Reviews

Cargo (Arcola Theatre)

David Mercatali directs the premiere of Tess Berry-Hart’s play about stowaways concealed in a shipping container

Milly Thomas and Jack Gouldbourne
Milly Thomas and Jack Gouldbourne
© Mark Douet

Can you turn the refugee crisis into a potboiler thriller? No matter how good the intentions of Cargo – and its writer Tess Berry-Hart is a founding member of the Calais Action collective that delivered aid to the Jungle migrant camp – there’s something unpalatable about a play that wrings the tension from human trafficking, but abstracts it from the reality.

The stowaways concealed in a shipping container are fleeing a country torn apart by civil war: England. Joey (Milly Thomas) and her brother Iz (Jack Gouldbourne), both young and desperately vulnerable, have left their seaside hometown to loyalist fighters, fleeing its lynch mobs and vigilante squads, and talked their way aboard. Their idea of Europe is a picture postcard; a place where pipe dreams seem possible. Their fellow passenger Sarah (Debbie Korley), on the run from rebels in the north, has a more realistic outlook. Wired and wary, she’s secured herself a fake passport and paid for her passage. Sarah’s right to be concerned. The trio aren’t alone.

Cargo might throw the situation faced by refugees into sharp relief, pressing us to see ourselves in the reality, but it lends Cargo the feel of a post-apocalyptic disaster movie. Berry-Hart almost has too much fun concocting a broken Britain where scavengers roast seagulls on open fires and rebels storm rural communities in the North. Frankly, with the reality of refugees so close at hand, with real people hidden in cargo crates, the dystopian fantasy feels distasteful.

What Berry-Hart does, however, is stress the real and present dangers faced by stateless refugees, who have no option but to trust their traffickers and no protection should that turn sour. Desperation leaves them open to exploitation at every turn, with only themselves – and each other – as barter. Survival means selling someone else out. These people are their own cargo.

David Mercatali‘s production benefits from Max Dorey’s immersive design, sitting us on shrink-wrapped crates and surrounding us with corrugated walls. It’s claustrophobic, disconcerting and often, in Christopher Nairne’s careful lighting design, pitch black. With Max Pappenheim‘s soundscape – airplanes overhead at first, then the silence of the sea – you genuinely feel stuck in situ, a long way from land; no way out.

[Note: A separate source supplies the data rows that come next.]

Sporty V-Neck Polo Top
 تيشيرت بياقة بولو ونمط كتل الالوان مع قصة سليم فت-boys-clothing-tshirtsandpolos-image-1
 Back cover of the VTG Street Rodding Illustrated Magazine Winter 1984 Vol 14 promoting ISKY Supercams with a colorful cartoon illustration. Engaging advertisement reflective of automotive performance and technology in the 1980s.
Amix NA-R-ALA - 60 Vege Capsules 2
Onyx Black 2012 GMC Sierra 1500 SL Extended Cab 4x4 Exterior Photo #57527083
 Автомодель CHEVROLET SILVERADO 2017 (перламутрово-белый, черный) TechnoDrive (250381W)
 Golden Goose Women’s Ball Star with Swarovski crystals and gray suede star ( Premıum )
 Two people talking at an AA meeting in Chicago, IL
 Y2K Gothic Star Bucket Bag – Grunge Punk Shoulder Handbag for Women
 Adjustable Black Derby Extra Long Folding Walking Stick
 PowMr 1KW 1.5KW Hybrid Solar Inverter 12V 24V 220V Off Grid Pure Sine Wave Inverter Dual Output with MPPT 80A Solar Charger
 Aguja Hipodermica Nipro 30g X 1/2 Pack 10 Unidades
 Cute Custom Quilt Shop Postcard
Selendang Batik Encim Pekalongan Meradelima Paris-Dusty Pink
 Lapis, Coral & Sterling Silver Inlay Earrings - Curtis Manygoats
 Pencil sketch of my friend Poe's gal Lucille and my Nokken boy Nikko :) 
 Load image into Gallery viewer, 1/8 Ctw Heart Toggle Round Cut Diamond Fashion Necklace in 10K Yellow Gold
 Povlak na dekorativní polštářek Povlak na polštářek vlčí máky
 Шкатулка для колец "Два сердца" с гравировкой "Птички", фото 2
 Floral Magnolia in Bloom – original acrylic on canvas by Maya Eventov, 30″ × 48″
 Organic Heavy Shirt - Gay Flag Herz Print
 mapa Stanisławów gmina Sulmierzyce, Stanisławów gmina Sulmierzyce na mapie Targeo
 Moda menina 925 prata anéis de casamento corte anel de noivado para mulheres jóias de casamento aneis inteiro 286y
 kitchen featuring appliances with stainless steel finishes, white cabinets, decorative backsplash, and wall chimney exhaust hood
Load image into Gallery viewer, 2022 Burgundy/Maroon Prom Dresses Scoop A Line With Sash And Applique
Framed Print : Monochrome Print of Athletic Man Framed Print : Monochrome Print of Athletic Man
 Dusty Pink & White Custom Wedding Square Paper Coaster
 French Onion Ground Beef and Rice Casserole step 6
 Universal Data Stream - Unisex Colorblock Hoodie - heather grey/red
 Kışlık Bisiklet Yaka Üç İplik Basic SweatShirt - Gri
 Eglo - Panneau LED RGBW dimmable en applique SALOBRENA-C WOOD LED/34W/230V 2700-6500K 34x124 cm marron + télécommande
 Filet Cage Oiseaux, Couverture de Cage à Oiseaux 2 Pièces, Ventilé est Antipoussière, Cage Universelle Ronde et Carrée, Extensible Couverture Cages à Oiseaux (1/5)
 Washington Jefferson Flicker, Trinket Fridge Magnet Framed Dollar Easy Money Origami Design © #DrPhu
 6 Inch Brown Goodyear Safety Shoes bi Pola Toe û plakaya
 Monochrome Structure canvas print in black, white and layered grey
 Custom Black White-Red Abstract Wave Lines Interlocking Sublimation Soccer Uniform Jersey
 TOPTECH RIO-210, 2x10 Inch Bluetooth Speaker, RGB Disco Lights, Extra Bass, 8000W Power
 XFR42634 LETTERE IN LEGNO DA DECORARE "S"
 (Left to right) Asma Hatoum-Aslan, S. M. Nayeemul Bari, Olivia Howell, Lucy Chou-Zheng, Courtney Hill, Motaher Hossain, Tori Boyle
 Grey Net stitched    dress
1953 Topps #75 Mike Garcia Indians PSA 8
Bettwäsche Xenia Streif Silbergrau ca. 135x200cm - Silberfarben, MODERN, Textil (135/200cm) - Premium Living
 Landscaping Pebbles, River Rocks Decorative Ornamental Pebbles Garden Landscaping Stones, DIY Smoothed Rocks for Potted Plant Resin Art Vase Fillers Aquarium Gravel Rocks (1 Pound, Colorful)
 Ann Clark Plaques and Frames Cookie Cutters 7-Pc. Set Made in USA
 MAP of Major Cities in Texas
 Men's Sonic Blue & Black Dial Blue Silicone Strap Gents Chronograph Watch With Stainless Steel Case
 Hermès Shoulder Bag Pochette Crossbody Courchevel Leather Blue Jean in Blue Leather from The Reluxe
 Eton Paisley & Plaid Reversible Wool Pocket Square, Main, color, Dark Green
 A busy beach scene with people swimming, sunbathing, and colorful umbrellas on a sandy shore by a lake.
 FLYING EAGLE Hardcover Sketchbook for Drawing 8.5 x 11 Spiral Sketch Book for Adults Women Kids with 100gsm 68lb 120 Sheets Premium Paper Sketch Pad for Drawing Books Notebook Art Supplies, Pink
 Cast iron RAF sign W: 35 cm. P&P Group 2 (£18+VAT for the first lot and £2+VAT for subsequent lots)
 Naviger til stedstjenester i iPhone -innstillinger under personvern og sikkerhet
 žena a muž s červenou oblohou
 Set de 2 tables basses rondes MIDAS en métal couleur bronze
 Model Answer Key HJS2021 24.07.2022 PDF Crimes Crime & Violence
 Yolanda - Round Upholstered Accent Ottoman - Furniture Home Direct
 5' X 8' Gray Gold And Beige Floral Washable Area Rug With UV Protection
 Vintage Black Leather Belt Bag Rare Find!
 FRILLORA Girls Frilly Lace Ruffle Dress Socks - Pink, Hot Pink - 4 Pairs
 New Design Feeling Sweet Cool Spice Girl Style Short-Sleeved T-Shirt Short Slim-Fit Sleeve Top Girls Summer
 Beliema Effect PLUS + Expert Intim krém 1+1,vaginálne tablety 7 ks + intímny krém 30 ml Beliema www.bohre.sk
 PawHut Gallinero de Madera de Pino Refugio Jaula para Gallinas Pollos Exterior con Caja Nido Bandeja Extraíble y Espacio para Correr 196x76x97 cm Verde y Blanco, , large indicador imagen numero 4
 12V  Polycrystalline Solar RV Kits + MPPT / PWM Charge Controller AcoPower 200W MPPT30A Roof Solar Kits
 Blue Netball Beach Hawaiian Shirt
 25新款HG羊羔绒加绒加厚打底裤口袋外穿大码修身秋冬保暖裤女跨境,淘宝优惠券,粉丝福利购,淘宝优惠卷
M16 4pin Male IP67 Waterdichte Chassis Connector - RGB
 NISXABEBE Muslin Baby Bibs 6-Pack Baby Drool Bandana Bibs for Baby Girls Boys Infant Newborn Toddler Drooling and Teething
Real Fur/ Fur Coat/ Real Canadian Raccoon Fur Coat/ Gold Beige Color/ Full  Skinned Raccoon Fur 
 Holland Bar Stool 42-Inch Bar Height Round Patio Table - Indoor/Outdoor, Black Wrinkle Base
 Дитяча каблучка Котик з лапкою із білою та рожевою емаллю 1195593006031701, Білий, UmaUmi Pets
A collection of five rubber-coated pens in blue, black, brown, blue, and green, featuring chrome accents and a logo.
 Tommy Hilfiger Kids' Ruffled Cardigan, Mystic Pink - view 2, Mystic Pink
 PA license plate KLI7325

That lends credibility to the highly-strung performances. Torn between sisterhood and survival, Thomas shows Joey’s optimism worn thin and shredded, though Gouldbourne struggles to offset the OTT-naivety of her teenage brother. Korley is an unnerving presence, sticking to the shadows, but if you can’t trust her, John Schwab seems doubly unpinnable as an American old-hand treading a fine line between friend and foe. That, Cargo suggests, could be said of everyone that refugees encounter en route. When survival itself is at stake, each of us is, essentially, alone.

Cargo runs at the Arcola Theatre until 6 August.